TAGS: Vegetarian, Gluten-Free

http://www.everydayhealth.com/recipes/lemonmint-vinaigrette/

fabulous on snap peas and lima beans

Lemon-Mint Snap Peas & Lima Beans

Fresh-tasting lemon-mint vinaigrette dresses up snap peas and lima beans in a hurry. The creamy texture of limas is a perfect counterpart to the crunch of the sugar snap peas. Try this vinaigrette with asparagus and green beans too.
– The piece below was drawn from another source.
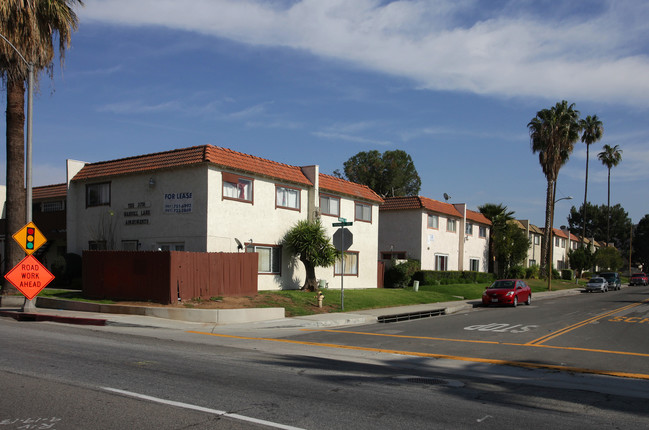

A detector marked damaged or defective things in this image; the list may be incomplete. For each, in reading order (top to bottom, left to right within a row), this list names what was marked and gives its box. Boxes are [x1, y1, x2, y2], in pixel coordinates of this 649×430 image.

road crack sealant line [528, 298, 648, 344]
road crack sealant line [186, 330, 649, 382]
Makes: 6 servings, about 2/3 cup each
Total Time: 15 minutes

NUTRITION PROFILE: Diabetes appropriate | Low calorie | Low carbohydrate | Low cholesterol | Low saturated fat | Low sodium | Heart healthy |Healthy weight | High fiber | Gluten free

Ingredients
1 small shallot, minced
2 tablespoons extra-virgin olive oil
2 tablespoons lemon juice
2 tablespoons chopped fresh mint
1 teaspoon Dijon mustard
1 teaspoon sugar
1/4 teaspoon salt
1/4 teaspoon freshly ground pepper
1 pound sugar snap peas, trimmed
10 ounces frozen baby lima beans, thawed

Directions

1. Whisk shallot, oil, lemon juice, mint, mustard, sugar, salt and pepper in a large bowl.

2. Bring 2 inches of water to a boil in a medium saucepan fitted with a steamer basket.

3. Steam snap peas and lima beans until the snap peas are tender-crisp and the lima beans are heated through, 5 to 7 minutes.

4. Toss with the vinaigrette.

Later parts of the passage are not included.